As novas gerações, criadas no mundo “high-tech” onde filmes e jogos de computador mostram imagens tão realistas que ficamos convencidos de que são reais, onde o telefone celular permite consultar qualquer assunto, de qualquer lugar do mundo em segundos, são naturalmente menos crédulas nas magias e lendas. A iluminação artificial sepultou muitos medos, comuns nos tempos da iluminação com lampiões a querosene ou outros. Mas num passado não muito remoto, histórias fantásticas eram contadas e por mais absurdas que fossem, causavam algum medo quando uma estrada escura era o único caminho pra casa.

Dentre essas lendas, uma que recebe diferentes versões dependendo da região do país é a do “Gritador”. Em algumas regiões é “Bradador”, no nordeste brasileiro é “Vaqueiro Gritador”. Vou resumir aqui aquela contada por minha mãe, a do Gritador, que é a mesma contada nas serras gaúcha e catarinense onde provavelmente nasceu a versão no sul do Brasil:

Numa região isolada no sul do país existia um homem muito maldoso, capaz de atos de crueldade extremos.
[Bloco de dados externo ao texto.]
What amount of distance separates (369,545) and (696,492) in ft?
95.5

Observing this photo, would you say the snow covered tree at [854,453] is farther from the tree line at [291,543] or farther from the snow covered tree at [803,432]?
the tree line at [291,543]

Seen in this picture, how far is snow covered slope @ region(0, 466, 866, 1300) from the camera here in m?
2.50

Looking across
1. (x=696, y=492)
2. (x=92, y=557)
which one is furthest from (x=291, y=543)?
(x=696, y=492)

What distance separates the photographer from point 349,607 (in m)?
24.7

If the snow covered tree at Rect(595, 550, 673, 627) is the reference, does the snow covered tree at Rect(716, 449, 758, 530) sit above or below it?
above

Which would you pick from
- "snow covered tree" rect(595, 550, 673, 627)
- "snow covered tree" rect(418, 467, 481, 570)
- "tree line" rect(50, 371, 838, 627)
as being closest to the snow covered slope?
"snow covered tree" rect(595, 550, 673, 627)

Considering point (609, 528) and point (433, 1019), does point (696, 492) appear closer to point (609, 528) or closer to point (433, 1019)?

Com pouco mais de 20 anos já tinha cometido vários crimes entre espancamentos, roubos e assassinatos. Andava cavalgando sem destino pelos campos cometendo maldades. Vivia num pequeno sítio com sua mãe viúva à qual tratava muito mal. Era tão ruim que nem do cavalo ele cuidava. O pobre animal sofria diariamente passando fome e sede durante as longas horas de cavalgadas.

Num sábado esse homem decidiu ir a um baile que aconteceria numa vila próxima e por isso foi pra casa mais cedo pra se arrumar. Chegou e foi logo dizendo pra sua mãe que iria a um baile e que era pra ela escovar bem o cavalo e limpar bem os arreios enquanto ele se arrumava. O pobre animal estava com tanta sede que bebeu um balde de água em poucos segundos. A barriga sangrava com marcas das esporas afiadas. A mulher limpou as feridas, alimentou e fez um carinho no pescoço do cavalo, como que a pedir desculpas pelo comportamento de seu filho único, de cuja maldade ela não sabia explicar a origem.

O homem demorou no banho e depois decidiu tirar um cochilo para aproveitar melhor a noitada. Enquanto isso a mãe esperava do lado de fora com o cavalo encilhado. As horas passaram e a pobre senhora teve medo de acordar o filho e ele não gostar. – Decerto resolveu não ir mais – pensou a mulher. – Vou soltar o cavalo para o campo para que se recupere. – E assim o fez, para alegria do pingo.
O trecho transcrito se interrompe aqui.